Many readers may note that the recent film, as indicated earlier, addressing both Turing’s life and his efforts in breaking the Enigma Code in the World War II was called The Imitation Game. Turing published an extremely important article in the May 1950 issue of Mind entitled “Computing Machinery and Intelligence.” More to the point, he called the section of this paper in which he first introduced his Turing test The Imitation Game, which evolved into the title of the biographical film.
It is significant, in our view, that in order to explain to a 1950s audience how to establish whether an entity possessed intelligence that to describe the test in terms of a human and machine would be incomprehensible to most of his audience, since in the 1950, there were only a handful of computers in existence.

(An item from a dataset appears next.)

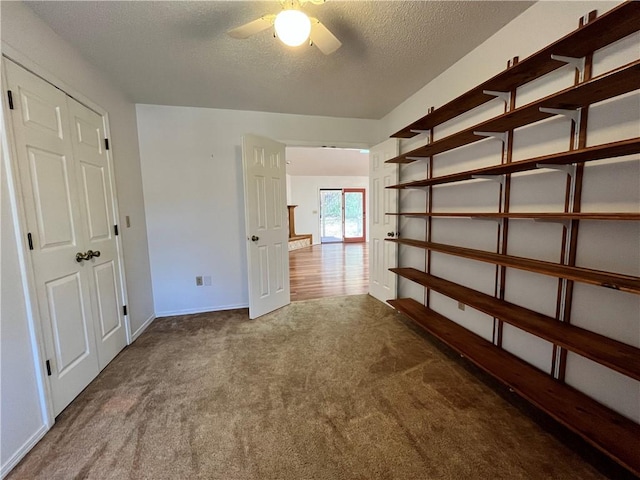 interior space featuring ceiling fan, a textured ceiling, and baseboards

Consequently, in introducing the nature of his test, he described it as a way of determining gender, as follows:
I propose to consider the question, ‘Can machines think?’ This should begin with definitions of the meaning of the terms ‘machine’ and ‘think’. The definitions might be framed so as to reflect so far as possible the normal use of the words, but this attitude is dangerous. If the meaning of the words ‘machine’ and ‘think’ are to be found by examining how they are commonly used it is difficult to escape the conclusion that the meaning and the answer to the question, ‘Can machines think?’ is to be sought in a statistical survey such as a Gallup poll. But this is absurd. Instead of attempting such a definition I shall replace the question by another, which is closely related to it and is expressed in relatively unambiguous words.
The new form of the problem can be described in terms of a game which we call the ‘imitation game’. It is played with three people, a man (A), a woman (B), and an interrogator (C) who may be of either sex. The interrogator stays in a room apart from the other two. The object of the game for the interrogator is to determine which of the other two the man is and which is the woman. He knows them by labels X and Y, and at the end of the game he says either ‘X is A and Y is B’ or ‘X is B and Y is A’. The interrogator is allowed to put questions to A and B thus:
C: Will X please tell me the length of his or her hair?

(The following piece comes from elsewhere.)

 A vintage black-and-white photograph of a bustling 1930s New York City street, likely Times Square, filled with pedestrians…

We thus view the initiative that we have developed from the Behavioral Cybersecurity course as a descendant in some small way of Turing’s proposition.
In order to understand the ways in which persons interpret written text and try to assign gender to the author—in effect a version of the gender Turing test (henceforth, GTT) described by Turing in the paper cited earlier—a number of individuals from varying backgrounds, genders, ages, first languages, countries, and professions were given the test in question.

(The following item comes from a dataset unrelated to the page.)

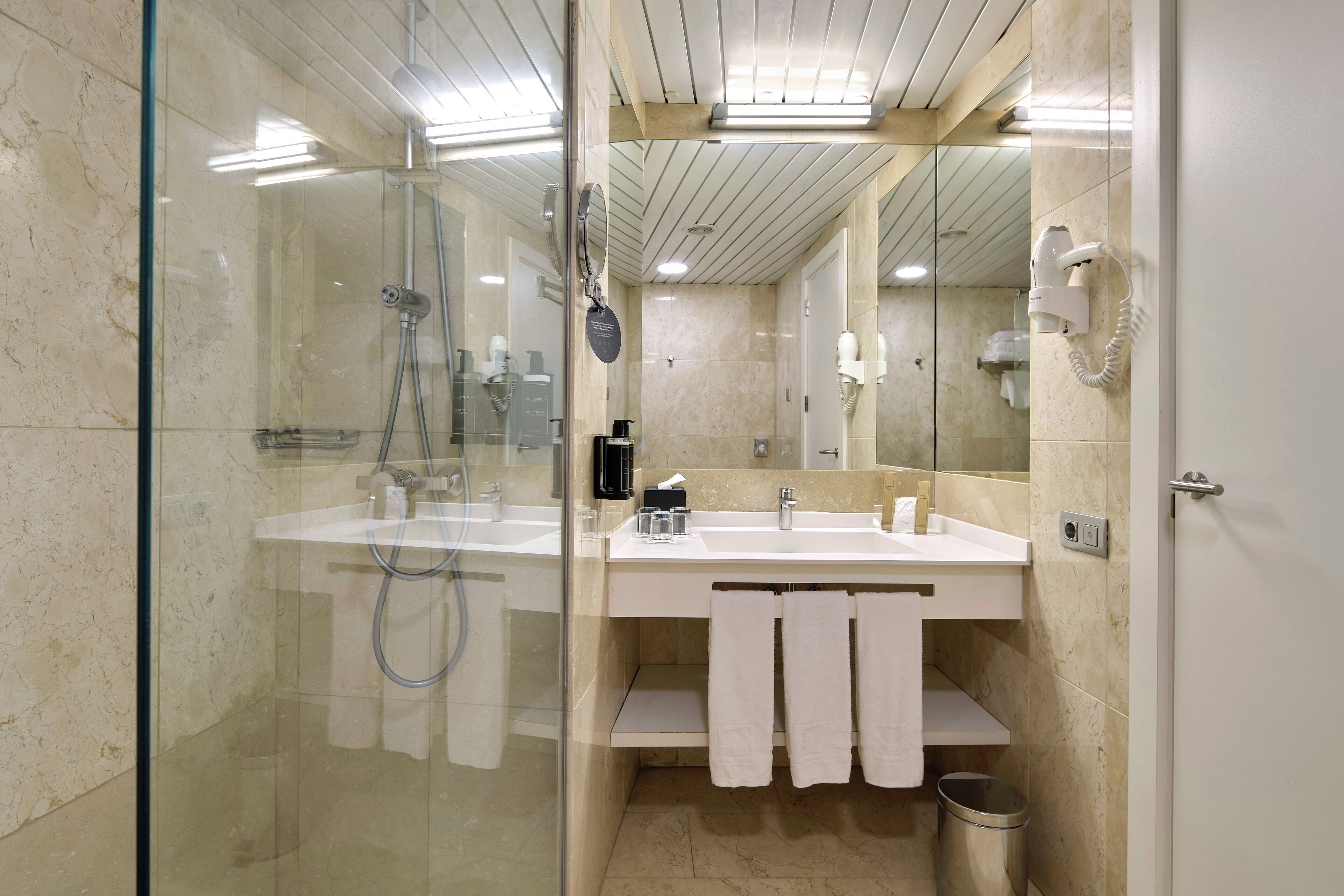 A modern bathroom with a glass-enclosed shower, a white sink, and a mirror.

There were 55 subjects completing this test, and a description of their demographics is as follows.
The participants were selected as volunteers, primarily at occasions where the first author was giving a presentation. No restrictions were placed on the selection of volunteer respondents, nor was there any effort taken to balance the participation according to any demographic objective.
The voluntary subjects were (except on one occasion) given no information about the purpose of the test and were also guaranteed anonymity in the processing of the test results. There was no limit on the time to take the test, but most observed respondents seemed to complete the test in about 15 minutes.
Summary of Results
The responses were scored in two ways. First, the number of correct answers identifying the student author was divided by the total number of questions (24) in the complete test. Alternatively, the score was determined by the number of attempts. Since in only 2 of 19 instances, the difference between the two exceeded 2%, it was decided to use the second set of response scores.
Observations of the results of these responses from the 55 participants in this study and their very diverse experiences that they brought to the response to this test yield some very interesting questions to ponder:
First, female respondents were more accurate in the identification of the gender of the students by a margin of 56.89%-51.02%.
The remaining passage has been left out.